Questo libro è un atto d'amore verso Nettuno, che ha vissuto la più grande tragedia della sua storia nell'evento bellico comunemente ricordato come lo sbarco di Anzio.
Forse non si tratta proprio d'un libro: nel senso che ci è sembrato di scrivere il più lungo articolo-inchiesta della nostra vita di giornalisti. Lo spunto, ce l'hanno dato:
1) il fatto che il nome di Nettuno, tanto citato durante la guerra, fosse stato poi tanto ignorato da costringere il principe Stefano Borghese a intervenire nel novembre del '47 presso il ministero degli interni affinchè gli aiuti destinati dalla cittadina di Dunkirk, New York, alla popolazione di Anzio venissero divisi con i nettunesi; sbaglia pertanto chi da allo sbarco il nome di Anzio, come sbaglierebbe chi volesse dargli soltanto quello di Nettuno: si deve dire lo sbarco di Anzio-Nettuno o Nettuno-Anzio;
2) l'ingiusto trattamento riservato al generale Johnny Lucas, fatto passare per responsabile dei quattro mesi trascorsi dagli alleati nella testa di sbarco: i responsabili furono altri;
3) l'amarezza dei reduci, tradotta in maniera lapidaria nel libro "Roma '44" dell'inglese Raleigh Trevelyan: "Ad Anzio ero stato comandante di plotone, appena ventenne, e come tutti attorno a me avevo creduto che i disagi e le morti avessero un senso, e che gli uomini i quali avevano nelle loro mani i nostri destini sapessero quel che facevano e non commettessero mai errori, che mai fossero stanchi, o afflitti da vanità, gelosia o megalomania";
4) la capacità di critica e autocritica dei popoli liberi: "Noi americani - ha scritto il maggiore Theodore Reed Fehrenbach - non ricordiamo le grandi vittorie, ma i tempi duri, i giorni che misero alla prova il nostro spirito: Valley Porge, Alamo, Bastogne, Pork Chop Hill, Anzio";
5) l'ammonimento di Benedetto Croce: "...Per mio conto sono pervenuto al convincimento che questa non è la guerra per la libertà, ma come tutte le altre, per l'indipendenza, per il dominio e per il vantaggio economico e politico, e che la guerra per la libertà si dovrà combattere poi, e con mezzi più vari e più adatti che non siano le armi";
6) a constatazione, infine, che non sempre la storia - chiamata a rendere conto di un conflitto mondiale - può se fermarsi sulle vicende d'una piccola comunità: il nostro scopo è anche quello di dare risalto alle situazioni più difficili in cui ognuno dovette confrontarsi con altri popoli.
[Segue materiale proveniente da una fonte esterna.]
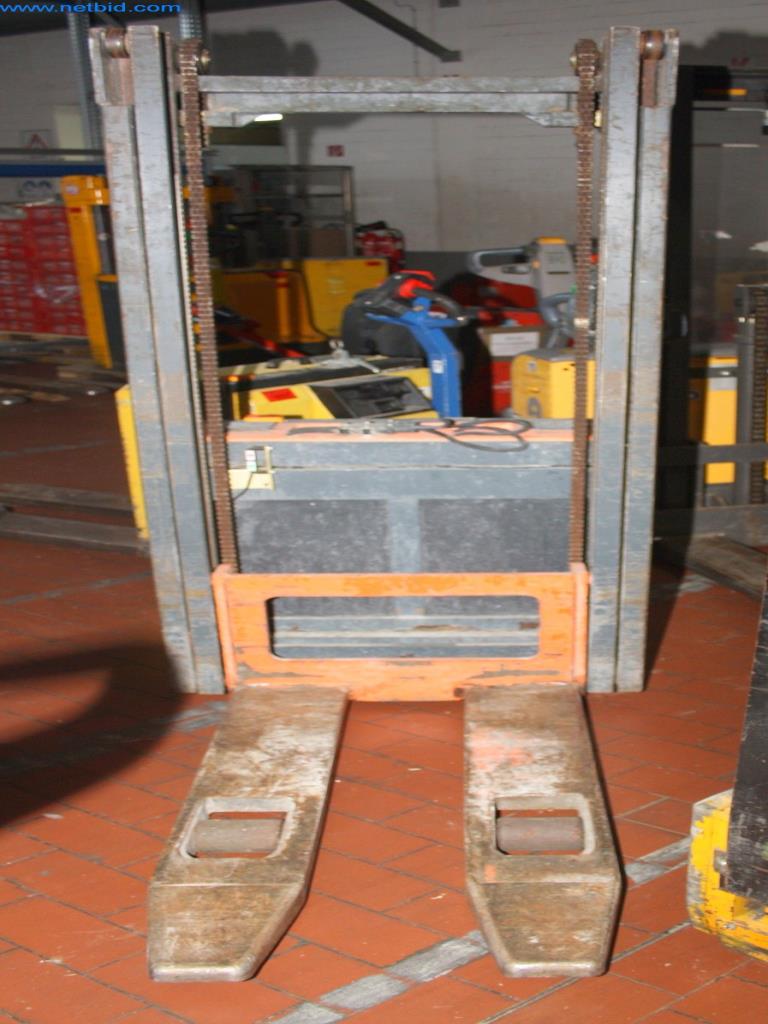 Devices for air conditioning, heating and cooling, workshop and storage facilities-3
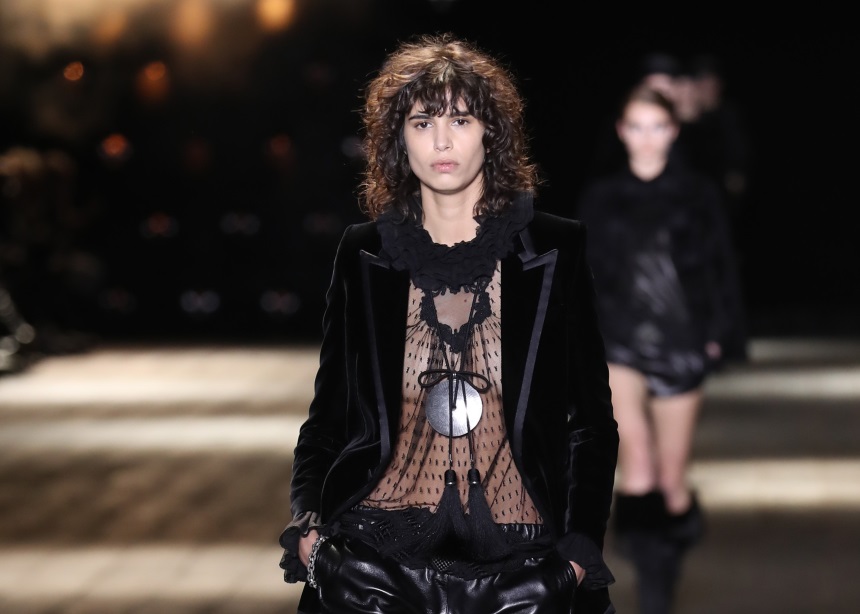 Saint Laurent: Μια νέα συλλογή για σέξι rock ‘n’ roll πριγκίπισσες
Il libro, sottoposto alla simultanea traduzione in inglese per un passaporto che lo aiuti a uscire dai confini nettunesi, è dedicato a tutti i caduti, particolarmente a quelli che riposano nel cimitero americano di Nettuno, nei cimiteri britannici di Anzio e delle Falasche, nel cimitero tedesco di Pomezia: la speranza è che venga accolto come un gesto di fratellanza.